41. The Folk Saying Goes: "If You Know One, Two, Three, You Can Study to Be an Immortal." How Is This Explained?
The Dao Ancestor said: "The Dao produces the One. The One produces the Two. The Two produces the Three. The Three produces all things."
The subtle wonder of the character "one" is limitless. If a person attains it, can they not become an immortal or a sage? The "center" in "hold faithfully to the center" is simply the "One." This "One" is the heart-method transmitted from sage to sage.
To know the origin of this "One," you must sincerely seek the Dao. Only after receiving the Dao will you understand the true origin of this "One" within your own body. The folk saying goes: "Speaking of the Dao, do not stray from the body. Forging iron, do not stray from the anvil." The ancient sages said: "Seek within yourself and you will find it."
The One is the self-nature. In heaven it is Principle. In humanity it is Nature. Nature is the One. Qi is the Two. The body is the Three. Therefore: if you know One, Two, Three, you can study to be an immortal. The Dao encompasses everything. Whoever can accord with creation in every movement and stillness — that is the true Dao.

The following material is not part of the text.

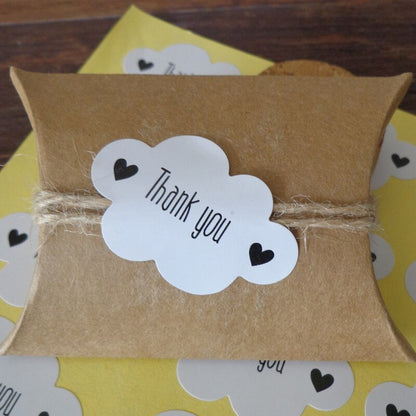 Lot de 100 autocollants, nuage "Thank you"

42. Isn't It Better to Explain Everything First and Then Seek the Dao?
In these times the human heart has lost its ancient purity, and the true and false stand side by side. We must test the seeker's Buddha-affinity and observe their wisdom — can they distinguish true from false? Only then do we transmit. If we explained everything first, how would we discern?
Moreover, the heart-method transmitted from immortal to immortal and sage to sage — even the ancient sages did not dare reveal it lightly. How much less should ordinary people? Therefore: the Dao descends only at its appointed time, is transmitted only to the right person. Even now, when the Universal Salvation is wide open, there must first be sincere desire to seek the Dao. Only when the test is genuine can transmission occur. Otherwise, who would dare leak the secret and bring heaven's punishment upon themselves?
43. What Is Meant by "Affinity and Portion"?
Affinity is a matter of past roots. If this person is an original soul, a Buddha-child, with heavenly nature undimmed — the moment they hear of the holy Dao, faith arises. They hear and believe. They believe and cultivate. This person has affinity with the Buddha.
"Portion" means rank. A person with affinity, having received the Dao, holds it in their heart at every moment, fearing to fall behind. They accumulate merit and virtue without the slightest slackness. Such a person will surely complete the Dao. After completion, their rank is determined by their merit. This is having both affinity and portion.
But note: to know and not study is to have no affinity. To study and not practice truly is to have no portion.
The ancients said: "If you don't learn young, you'll have no ability when grown. If you don't learn when strong, you'll have nothing but worry when old."
Do not say: "I won't study today — there's always tomorrow." "I won't study this year — there's always next year." Days and months fly past. The years do not wait for us. If you do not act when you should act, regret will surely follow. A man of resolve does not create cause for regret. When the time for regret comes — is it not too late?
44. What Are the "Original Souls"?
At the beginning of the Assembly of Yin, the world was wild and tangled — humans and beasts indistinguishable, eating raw meat, drinking blood, nesting in trees, living in caves, unable to govern the world. Though there were people, it was as if there were none.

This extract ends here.